Hacker News new | ask | show | jobs
by blueplanet200 1542 days ago
I hope they figure out what’s going on every morning. Heard from inside they don’t know why the db dies everyday but restarting it fixes it.
5 comments

What's "the db"? It sounds like something of small to medium scale if you can just restart it like that.

In any case, why not just relocate some vendor engineers on site for a bit? Or, better, why does the vendor not have a small presence in the corner?

Sounds like whatever "the db" is it's probably some (objectively) small but very scary thing that's currently on fire and people are trying to figure out how to put it out without crashing the plane and also making too many waves internally, which is probably even harder. So asking about making vendor noises is (as useful as it may be) probably going down the wrong path - in much the same way this is probably not related to the outages (it may well be, but from the outside it's all coincidence anyway).

Cock crows. DB crashed.

Systemctl restart

mysqld

(Or mariadb, if you pronounce "SQL" as "sequel")

IIS Server had/has a memory leak in worker threads that many years ago always forced us to restart the server every few days. Starting in 6.0, they added worker thread recycling and made it a mandatory to choose a time period for every thread to be recycled. Why fix the error when you can just restart the service?
Apache prefork had that since forever. Seems just a garbage collect type pattern.
For old-school mod_perl apps setting MaxRequestsPerChild was often a much better ROI than actually finding and fixing the leaks.

Speaking as somebody who's done over a decade of large scale OO applications perl and is actually really good at finding and fixing the leaks, this has often been intellectually aggravating but every time I've set that option instead I rewarded myself with a glass of bourbon for picking the pragmatic choice and then went back to adding (non-leaky) features that were far more useful to the company in question than cleaning up the older code would've been.

It's not a bug, it's a pattern.

Seriously though, IIS 5.0 had no worker recycling.

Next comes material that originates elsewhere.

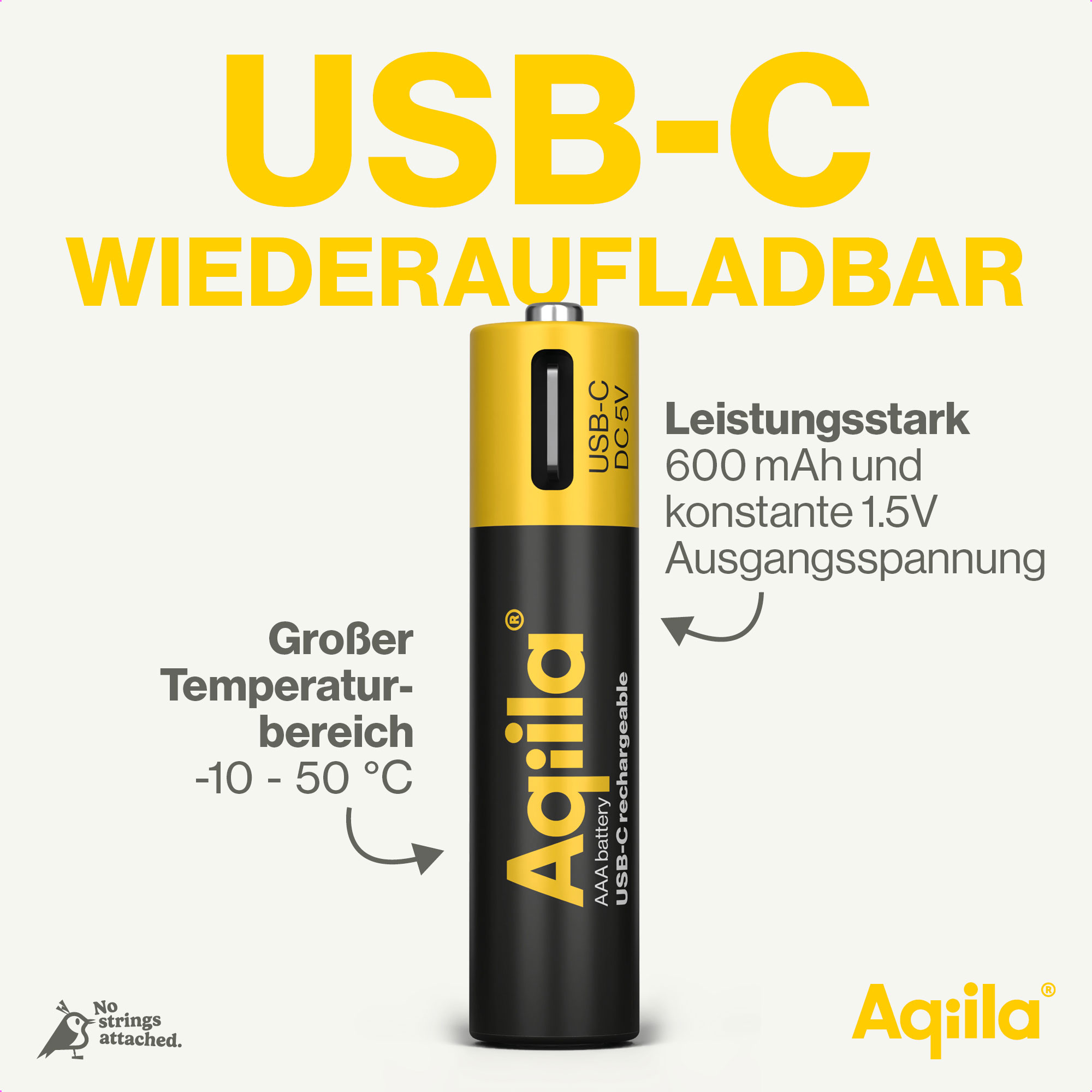 Li-lon-Akku AQILLA, AAA, USB-C, 1,5 V, 4er Pack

There was no method to fix the issue. Threads would eat up GB's of memory until you killed them.

I doubt they use IIS
MSer here, yes we do… for some things
For GitHub? It seems unbelievable that they would use IIS pre-purchase and why in the world would you mix in a second web server for post-purchase enhancements.
Why trade an open source solution with third rate garbage that is called IIS which runs on a sub-par desktop OS called Windows. I thought that Github was supposed to be independant.
If GH is around the same level of integration with Microsoft as my employer, which is another Microsoft acquisition, I don't really believe you have a ton of insight into GH processes.
I dated a girl at GitHub for awhile last year who said they weren’t even completely off of AWS yet and she liked how they didn’t seem like working for Microsoft. Maybe this has changed though.
Break out the early morning restart cron job.
Here you go, Github:

0 4 * * * /etc/init.d/postgresql restart

I'll take an architect position as compensation, but only if there is equity.

GitHub uses MySQL primarily though.
MySQL also has a restart command! I'll take my rsus now ty.
Early morning in which timezone?
GaryOldman.gif
When the least amount of users are online?
How long does restarting it take?
Yuck. Honestly, restarting a database to fix a major outage sounds like "we have no idea what we're doing"
It sounds like "they don't know why it's going down." I've worked with plenty super competent people that have taken time to root cause incidents.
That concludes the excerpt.